The wild Rovers, outplayed all over the pitch, have won only one game this season - including a League Cup tie against Bournemouth - and will be bottom of the table by tea-time today if Southampton take at least a point from their home game with Birmingham. After this second successive 4-0 defeat, Hughes said: "The goals-against column tells the story. We need to be more resolute defensively. I understood it was a difficult job but the last two results have hurt us." The verbal squabbling between Michael Gray and Brett Emerton just before the finish suggested that morale is as low as confidence.

All this on what Blackburn had hitherto regarded as their favourite ground. In the hi-tech world of modern football, there would seem to be little place for such unscientific factors as hoodoos, yet they arrived with an extraordinary enough record at Stamford Bridge to have the home supporters, if not the team, feeling a touch of apprehension until the breakthrough was made. In 10 previous Premiership visits, they had recorded five victories and five draws, remaining unbeaten since the almost forgotten days of a First Division play-off in 1988.

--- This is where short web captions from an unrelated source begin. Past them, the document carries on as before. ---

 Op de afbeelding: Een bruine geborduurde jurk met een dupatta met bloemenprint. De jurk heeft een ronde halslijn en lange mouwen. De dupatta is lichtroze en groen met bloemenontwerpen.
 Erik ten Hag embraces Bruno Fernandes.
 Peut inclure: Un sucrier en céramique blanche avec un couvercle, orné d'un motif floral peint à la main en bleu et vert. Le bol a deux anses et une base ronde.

But all good things must come to an end, which is hastened with performances as feeble as this. Just as the visitors were thinking they might survive until half-time, Parker supplied Cole for a deft lob over the last defender, Gudjohnsen side-footing a volley past Brad Friedel. His second strike two minutes later, from the same inside-right position, was much firmer, driven across the goalkeeper after taking Lampard's long diagonal pass on his chest.

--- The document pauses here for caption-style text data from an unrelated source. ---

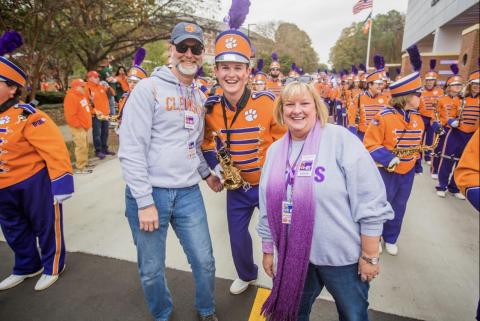 Dawson Baker, center, marches alongside his father Kevin Baker, left, and mother Lisa Baker, right, during Senior Day festivities at Clemson University before kickoff versus the University of Miami.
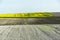 Ploughed fields and rapeseed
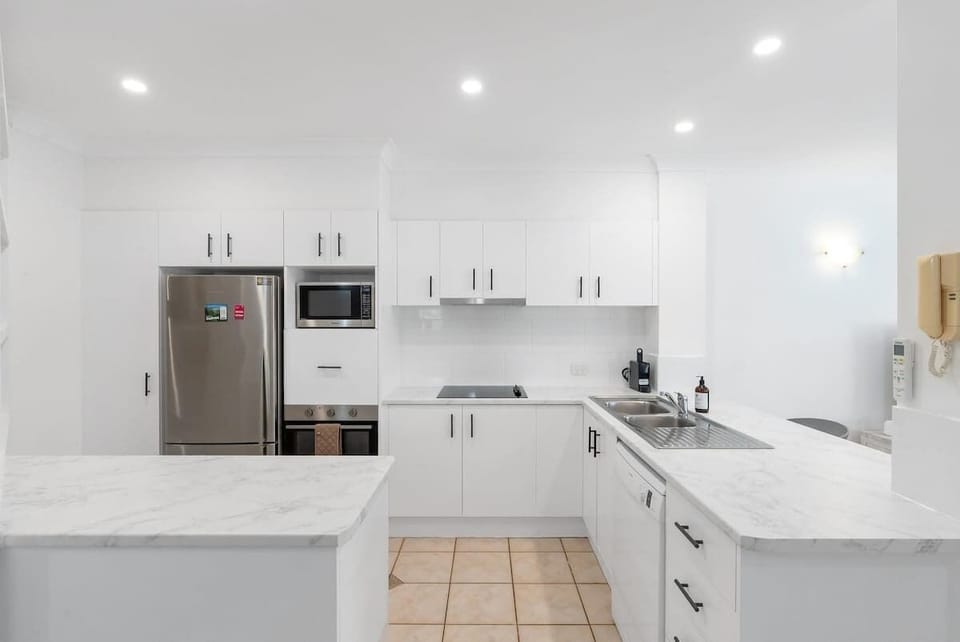 Explore your culinary skills in the full kitchen, equipped for your cooking needs.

Earlier there had been little more than a series of threatening crosses, mostly from the right-hand side, while at the other end Youri Djorkaeff's occasional touches came to nothing. The only moment to excite Blackburn's rain-sodden supporters was a shout for a penalty when Paul Dickov went down challenging for a corner-kick played low into the area.

There was less argument about Graham Poll's decision five minutes into the second half, when Gudjohnsen was clearly tripped by Craig Short as he moved clear on to Cole's little flick. The Icelander's ice-cool spot-kick left no room for debate either, though there was some discussion about whether Short should have been sent off. Referees increasingly seem to be taking the compassionate view that a penalty is punishment enough. "Boring, boring Chelsea" was now the home crowd's ironic chant. "Have you won the Premier League?" was the best the visiting support could manage. Not yet.

Hughes tried to inject some physical presence into his attack by replacing Dickov and Djorkaeff by the more powerful Jay Bothroyd and Jon Stead, but Steven Reid's drive after 66 minutes, comfortably fielded by Petr Cech, was their first shot of any note. Mourinho's substitutions gave Alexei Smertin, Cole and Gudjohnsen a rest, and Tiago, Mateja Kezman and Arjen Robben a run - the latter for the first time in the Premiership. The exciting Dutchman added another dimension, almost scoring within a few minutes of coming on. Duff, whose place he threatens, then had a shot deflected wide, collected the subsequent corner and drove it fiercely past his old colleague Friedel for the fourth goal.

Even Kezman fancied his chances against this defence and he almost opened his account at last with 10 minutes to play, turning Robben's pass against the bar. Friedel foiled him again before the end, but, that apart, it was a perfect day for Mourinho, who said: "Now we can look at the Manchester United-Arsenal game with a smile because every outcome has a positive side."